En eso estaba yo pensando anoche, a las tres de la mañana, mientras observaba la luz de la luna danzando contra el gotelé del techo. Ojalá tuviera un pincel mental para darle forma y colores a mi melancolía. No, no, ojalá pudiera prestar un cachito de mis recuerdos y sentimientos, brevemente, e inducir estos mismos sentimientos en otra persona.
En una cabezada, soñé. Soñé con el olor húmedo y el viento suave, con el sol tibio. Escuchaba el gorjeo del agua borbotando sobre las piedras, las briznas de hierba susurrando unas contra otras, y el silencio. Nada tan magnífico como el silencio, No la quietud absoluta zumbando contra los oídos, sino el tiempo detenido sobre mi cuerpo cansado. El aire, denso y pesado, entre los árboles distribuidos cuidadosamente en hileras. A un lado, un mundo de tierra húmeda y fresca oscuridad, al otro lado, pálidas y relucientes colinas eternas, hundiéndose entre montañas. Casi invitan a saltar y dejarse caer, rodando, entre el esponjoso verdor.

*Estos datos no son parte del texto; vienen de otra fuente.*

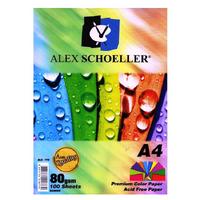 Alex Schoeller Renkli Fotokopi Kağıdı A4 100'Lü Karışık Paket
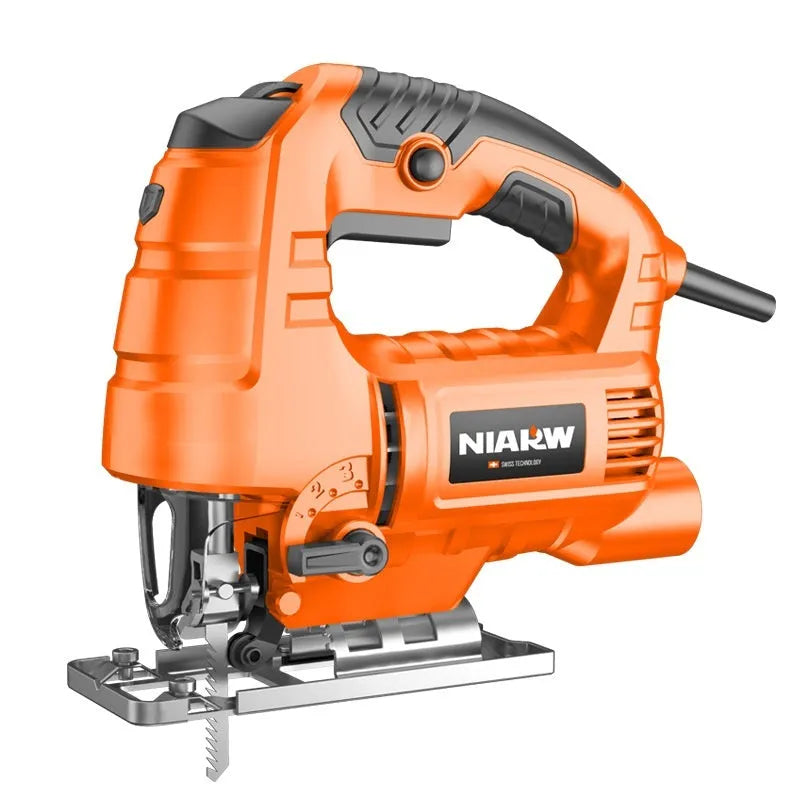 Single speed 600W handheld scroll saw for cutting PVC wood and metal with 5 blades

Un paso desplaza las piedras, y chocan contra sus compañeras según mi peso las empuja hacia abajo. Crujido, chirrido, crujido. La grava acusa mi existencia, entorpece el silencio de una forma curiosamente agradable, gratificante.
Pero yo no sé dibujar sentimientos con las palabras, como hace Tanizaki, así que esos recuerdos se quedan para mí...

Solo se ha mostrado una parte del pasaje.